Hence why Quentin Millora-Brown grades out well. He played more minutes than Liam Robbins, which was probably not the best decision by Jerry Stackhouse but then it’s also not really Quentin Millora-Brown’s fault (particularly since a big reason for that was that Robbins got hurt, but that doesn’t explain why Millora-Brown was playing so many minutes prior to that.) But an efficient-but-limited backup who has a certain Ted Skuchas/Josh Henderson quality to him? Yeah, that guy’s always going to grade well. It’s not objective to grade a guy who averaged 3.5 ppg this way, but it is what it is.

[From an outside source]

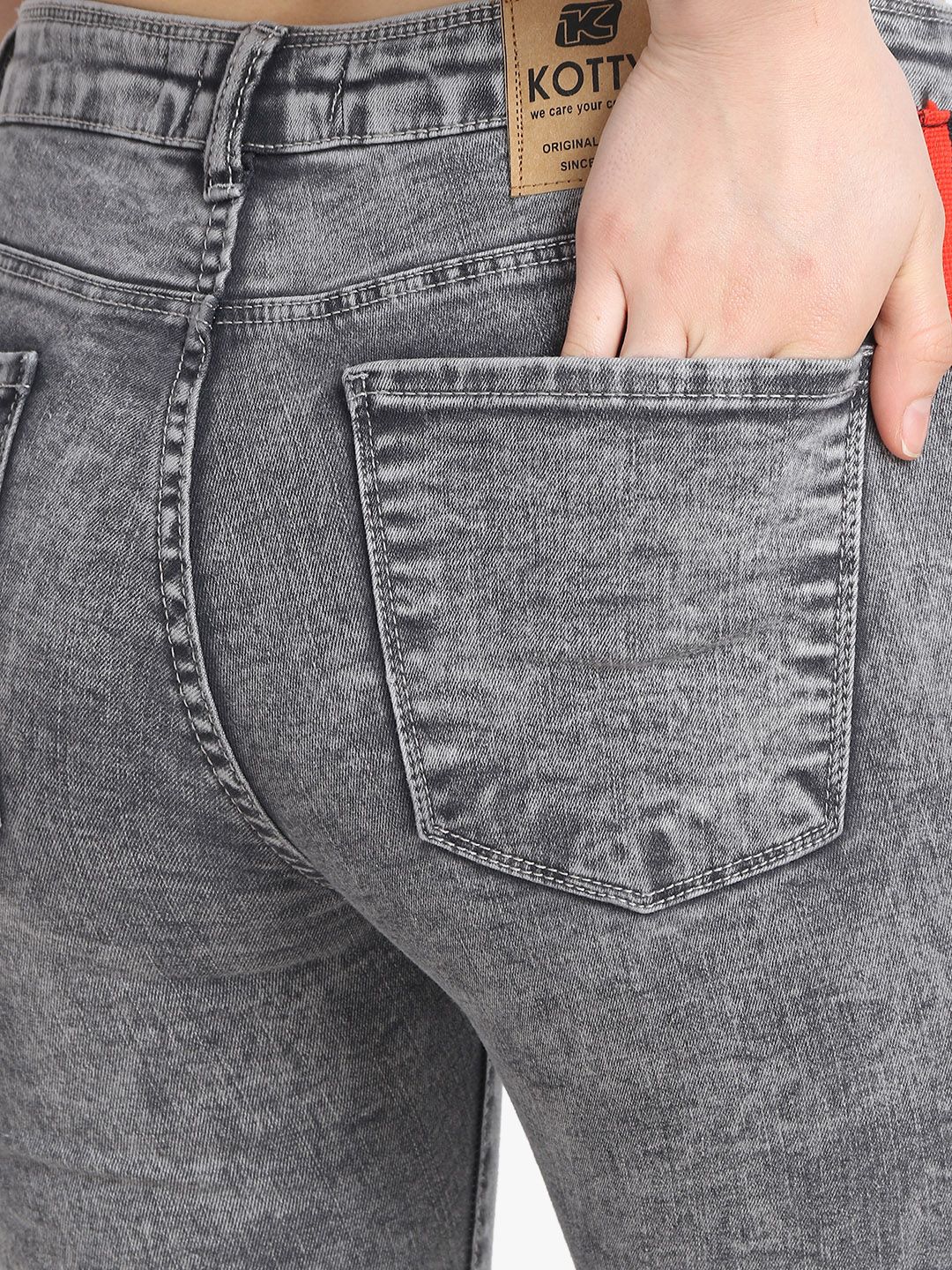 Kotty Women Charcoal Grey Skinny Fit High-Rise Clean Look Jeans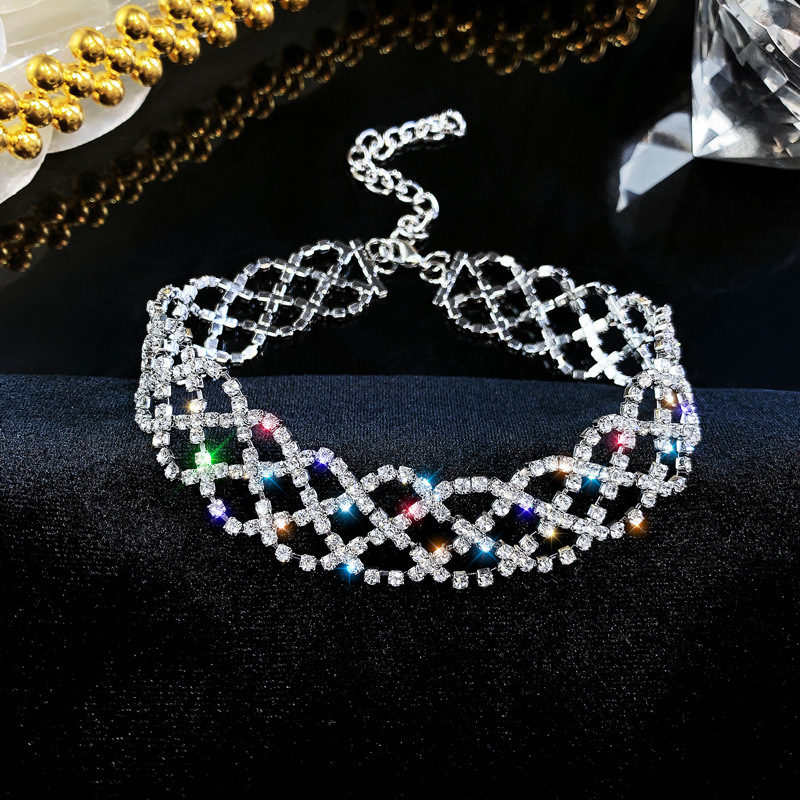 Vòng cổ dây chuyền nữ đính đá, vòng cổ choker đính đá đan xen mắt lưới, phụ kiện thời trang đi tiệc sang chảnh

Millora-Brown wasn’t as efficient as he was as a junior, mostly because his shooting percentage dropped from an excellent 64.9 percent to a strictly meh 48.5 percent with only three three-point attempts all season. But he did make one of them as part of a season-high 10-point performance in a win at Kentucky — which also happens to be the game that Robbins went down in.
It’s unfortunate that his Vanderbilt career had to end — he transferred to The Citadel after the season — but some guys will get remembered by fans for reasons that have nothing to do with their ability to play basketball. Ted Skuchas and Josh Henderson were in that pantheon, and I think QMB belongs there as well.